Never had I felt so ill qualified for the role I was to perform, and I had chosen this. It wasn’t forced upon me, I hadn’t painted myself into a corner. I wanted this with everything I had and I so wanted to do it well. Be a Dad. Not just a father. The vast majority of men are blessed with the ability to procreate but being a Dad meant more. And I was positively sh####ng myself at the rehearsals for the opening credits. Oh balls, I was out my depth. The class came to the part where group discussion was encouraged, the Mamas separated from the Papas in distinct groups. I wasn’t quite sure what was to be gained from a clueless man asking questions of other equally uneducated men (in the field of producing sunflowers from birth canals) and asked Mama Cass this very question. I was advised it was that it was to foster a team spirit. I wasn’t advised what I would need the team of men for during labour. Scrum at the business end? Barbershop quartet?
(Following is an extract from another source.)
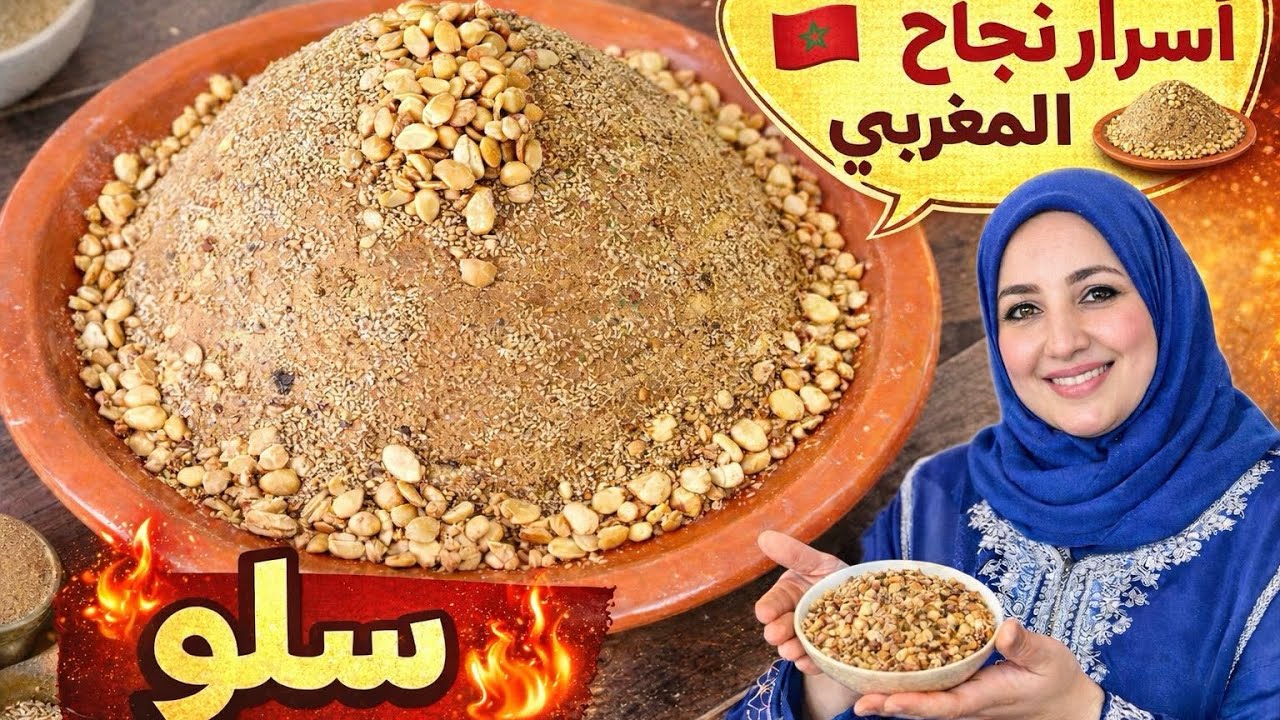سر السلو المغربي 🇲🇦الأصيل 🔥لا يقاوم🍯🌰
I wanted to know practical things – the phone number of the maternity ward, the quickest route there, what should I bring for my wife and baby. Mama Cass was skipping round barefoot and singing. This wasn’t helping. Me and the legion of the inept broke up and were reunited with our partners. I took hold of her hand like we were on the ghost train and wouldn’t let go. Mama Cass ended the class with a ‘Namaste’. I was sure she was about to crack into ‘Dream a Little Dream’. Instead she advised that the next class would cover the beauty of home births. I was still no better prepared, and now the hippie was entertaining the idea that the most momentous event of my life should occur in my living room. God I felt helpless.
Post by Papa Dont Preach!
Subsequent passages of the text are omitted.